The wheel allows spiders to stay ahead of pompilid wasps, which are such determined, energetic spider hunters. Determination is exactly what fog-basking beetles need to climb up clammy dunes on cold foggy nights. The reward is worth it: water to rehydrate and balance their diet of dry muesli.
The ancient Welwitschia is an ark, sheltering myriads of little creatures. The spoor spider has no need for shady shelter, for it has a nifty Velcro trick up its silken sleeve. This enables it to snare bullish ants and fry them on its solar pan.
Long periods of dry heat don’t put off the Namib’s fairy shrimps, rubber frogs and other aquatic creatures that wait for years until one day the unthinkable happens: it rains. Pools briefly bubble with life, but the water soon evaporates, leaving dust pans harbouring dry-baked cocoons of life. These wait for the elixir of life to someday come dropping from the sky again.
Never waiting, but running to get, are plana toktokkies. They make their own water by sprinting from sandy snackwich to snackwich, so fast that the wind of the run cools. Indeed, Plana ran gold at the Little Olympics in the Namib Desert of Namibia (LONDON) 2012, at which many Little Things became Big Champions in diverse events.
The most remarkable feature of the gold-medallist in sand-swimming, the Golden Mole, is its geophone with which it detects the tiniest movements of creatures in the sand. Little can escape this combination until the mole is sated and goes into cool torpor. Flamingos had brought the Olympic flames from afar, from Etosha and Makgadikgadi Pans to Walvis Bay, energetically flapping all night, flying low so as to navigate by the dim lines of riverbeds and roads.
The essence of the Namib was unforgettably grasped on canvas by Christine Marais, whose paintings immortalise this desert’s beauty. The Meroles lizard is full of himself for being part of this beauty.
Though dandy, he is no slouch at being dashing predator while escaping hungry enemies. Overcoming enemies can be quite a feat for social spiders. It takes teamwork to do diligent spinning for trees to become festooned with silk, which stops ant raids and gives trees a festive flair.

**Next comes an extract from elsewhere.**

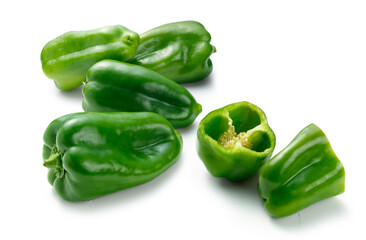 pimientos verdes enteros y cortados sobre fondo blanco. Whole and sliced ​​green peppers on white background.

Not to forget that there’s something grand below the sand in our land. The wonderland inside the dunes is sadly tempered when rash off-road drivers bash over dunes and crush what’s inside. Instead, we should applaud the humble creatures that withstand so many trials living in sand with fascinating styles.
Quite stylish is the dancing white lady spider gent, who tap-dances on dunes on moonless nights. The suitor taps that he would suit her, and so he does. As he retreats, it dawns. The dramatic change that every Namib dawn brings about never loses its primordial edge. May the Namib never run out of its Big Stories about Little Things.